= Scott Mountains (Antarctica) =

Mountain range in Antarctica

The Scott Mountains are a large number of isolated peaks lying south of Amundsen Bay in Enderby Land of East Antarctica, Antarctica. Discovered on 13 January 1930 by the British Australian New Zealand Antarctic Research Expedition (BANZARE) under Sir Douglas Mawson. He named the feature Scott Range after Captain Robert Falcon Scott, Royal Navy. The term mountains is considered more appropriate because of the isolation of its individual features.

== List of mountains ==
- Mount Alekseyev is a mountain, 927 m, standing 6 nautical miles (11 km) northeast of the McNaughton Ridges. Named by the Soviet Antarctic Expedition, 1961–62, for A.D. Alekseyev, Soviet polar pilot.
- Mount Brockelsby is a mountain, 1,290 m, standing 7 nautical miles (13 km) north of Simpson Peak. Plotted from air photos taken from ANARE aircraft in 1956. Named by Antarctic Names Committee of Australia (ANCA) for W.K. Brockelsby, ionosphere physicist at Mawson Station in 1961.
- Debenham Peak or Mount Debenham is a peak, 1,140 m, lying south of Amundsen Bay, about 7 miles (11 km) east of Mount Cronus. Discovered on 13 or 14 January 1930 by BANZARE, who named it for Frank Debenham. The peak was more accurately positioned by ANARE (Australian National Antarctic Research Expeditions), 1954-58.
- Mount George is a mountain, 1,555 m, close west of Simpson Peak. Plotted from air photos taken by ANARE in 1956 and 1957. The name was first applied by John Biscoe (1830–31), probably after one of the Enderby Brothers, the owners of his vessel. As Biscoe's feature could not be identified among the many peaks in the area, the name was applied to this feature by ANCA in 1962.
- Mount Giddings is a mountain 6 nautical miles (11 km) southeast of Debenham Peak. Plotted from air photos taken from ANARE aircraft in 1956. Named by Antarctic Names Committee of Australia (ANCA) after J.E. Giddings, a cook at Mawson Station in 1961.
- McNaughton Ridges is a group of ridges 12 nautical NE (22 km) of Simpson Peak. Plotted from air photos taken from ANARE aircraft in 1956 and 1957. Named by ANCA for I.L.K. McNaughton, a physicist at Mawson Station in 1961.
- Oblachnaya Nunatak is a nunatak lying 6 nautical miles (11 km) southeast of Perov Nunataks, at the east margin of Scott Mountains. The geology of the nunatak was investigated by the Soviet Antarctic Expedition, 1961–62, which called it "Gora Oblachnaya" (cloudy mountain).
- Perov Nunataks is a small group of nunataks on the eastern edge of the Scott Mountains, 19 mi SE of Debenham Peak.
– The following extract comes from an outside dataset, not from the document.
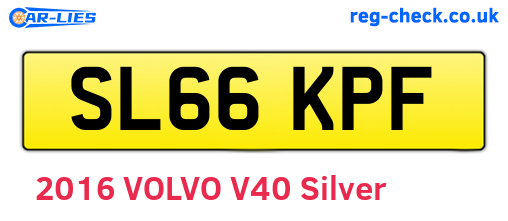 SL66KPF are the vehicle registration plates.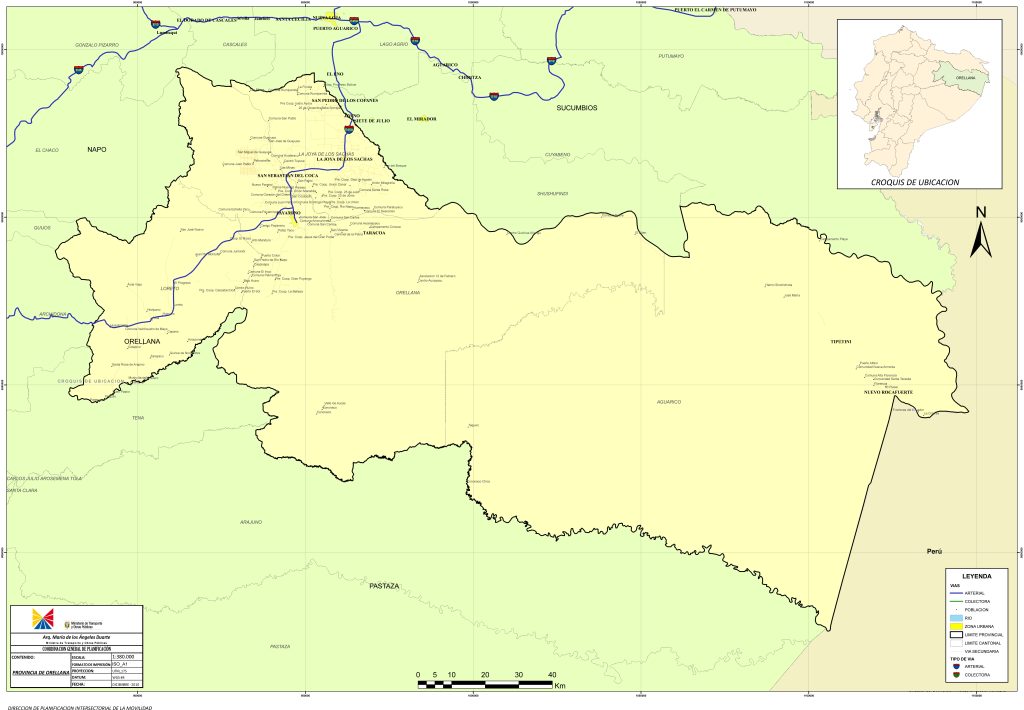 Mapa de carreteras de la provincia de Orellana.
Photographed in October 1956 by ANARE aircraft and surveyed in November 1958 by an airborne field party. Named by ANCA for Viktor Perov, pilot of a Soviet aircraft which flew over this area and rescued the 1958 Belgian field party after an aircraft accident.
- Simpson Peak is a peak, 1,720 m, just east of Mount George in the southwest end of the Scott Mountains. Discovered on 14 January 1930 by BANZARE under Mawson who named it for Sir George Simpson. The position of the feature was fixed by J.C. Armstrong of ANARE (Australian National Antarctic Research Expeditions) in 1959.
- Ward Rock is a rounded rock exposure just east of the Howard Hills in the northeast part of the Scott Mountains. Plotted from air photos taken from ANARE aircraft in 1956. Named by Antarctic Names Committee of Australia (ANCA) for F.J. Ward, a member of the crew of Discovery during the British Australian New Zealand Antarctic Research Expedition, 1929-31.